Juniper has also added an easy-configuration capability, which means a dedicated sensor (an IDP appliance) can be up and running without complexity, while a Policy Wizard for IDP has been added to NSM so that policy can be generated as soon as a sensor comes online.

The integration with NSM has also meant a number of attributes from the erstwhile dedicated management platform for the sensors, called IDP Manager, have been ported across to the generic security management console. They are Profiler, which provides a detailed view of app flaws and contexts for identifying what’s running on a network, and Dashboard, which gives a centralized view of the main network attacks, specific hosts, and device status. In addition, a new feature has been added called Security Explorer, a visualization capability to help admins understand network interactions and interdependencies, as well as details of the individual hosts.

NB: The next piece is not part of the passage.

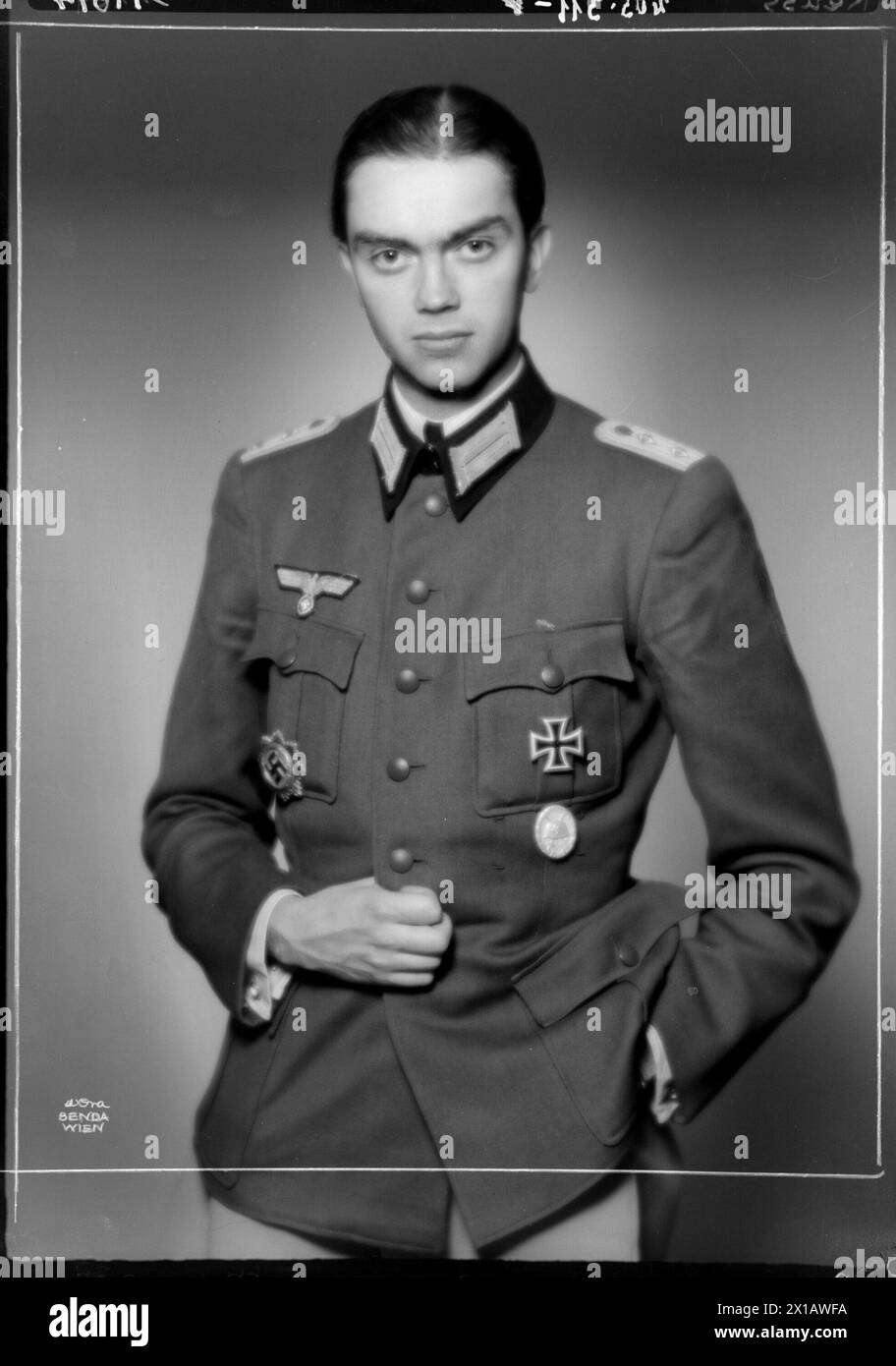 Heinrich IV, prince de Reuss en uniforme, 1944 - 19440101 PD1675 - Rechteinfo : droits gérés (RM) Banque D'Images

Grashion said the areas where Juniper considers it is ahead of the competition are the ability to create separate domains, which he claimed to be unique in the industry, and the technology’s roles-based administration capability, with support for more six predefined admin roles but also unlimited custom ones, as well as over 100 role-based activities.

Both software releases are available as part of maintenance contracts on the IDP sensors and the NSM console, and since NSM is now replacing IDP Manager, anyone with a support contract on the latter will automatically be able to upgrade to NSM 2006.1, and every IDP appliance now comes with a five-device NSM license. The IDP appliances start at $9,000 for the low-end device, the IDP50.